• _WHAT IS EXPECTED_:
From the line containing "JHB Gold plated" through the final line of the records, reproduce every line exactly.

• _INFORMATION SUPPLIED_:

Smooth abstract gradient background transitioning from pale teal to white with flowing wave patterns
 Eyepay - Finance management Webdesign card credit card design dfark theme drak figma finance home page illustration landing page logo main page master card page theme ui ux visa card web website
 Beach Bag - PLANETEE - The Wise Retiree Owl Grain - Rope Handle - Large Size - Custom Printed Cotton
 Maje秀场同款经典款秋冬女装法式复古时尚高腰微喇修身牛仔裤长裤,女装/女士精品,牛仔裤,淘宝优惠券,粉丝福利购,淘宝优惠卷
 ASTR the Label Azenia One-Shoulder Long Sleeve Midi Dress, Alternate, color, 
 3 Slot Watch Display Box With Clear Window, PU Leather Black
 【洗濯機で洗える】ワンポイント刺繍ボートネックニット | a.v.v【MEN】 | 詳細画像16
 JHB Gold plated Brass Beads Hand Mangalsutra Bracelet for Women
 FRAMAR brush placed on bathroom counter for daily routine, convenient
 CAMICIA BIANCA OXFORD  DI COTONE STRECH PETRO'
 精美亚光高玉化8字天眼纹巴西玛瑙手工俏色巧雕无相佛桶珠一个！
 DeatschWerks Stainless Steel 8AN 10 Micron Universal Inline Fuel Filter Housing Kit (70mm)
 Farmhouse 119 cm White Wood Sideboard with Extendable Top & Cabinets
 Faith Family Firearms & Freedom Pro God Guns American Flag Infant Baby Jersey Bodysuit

• _OUTPUT OF THE EXERCISE_:
 JHB Gold plated Brass Beads Hand Mangalsutra Bracelet for Women
 FRAMAR brush placed on bathroom counter for daily routine, convenient
 CAMICIA BIANCA OXFORD  DI COTONE STRECH PETRO'
 精美亚光高玉化8字天眼纹巴西玛瑙手工俏色巧雕无相佛桶珠一个！
 DeatschWerks Stainless Steel 8AN 10 Micron Universal Inline Fuel Filter Housing Kit (70mm)
 Farmhouse 119 cm White Wood Sideboard with Extendable Top & Cabinets
 Faith Family Firearms & Freedom Pro God Guns American Flag Infant Baby Jersey Bodysuit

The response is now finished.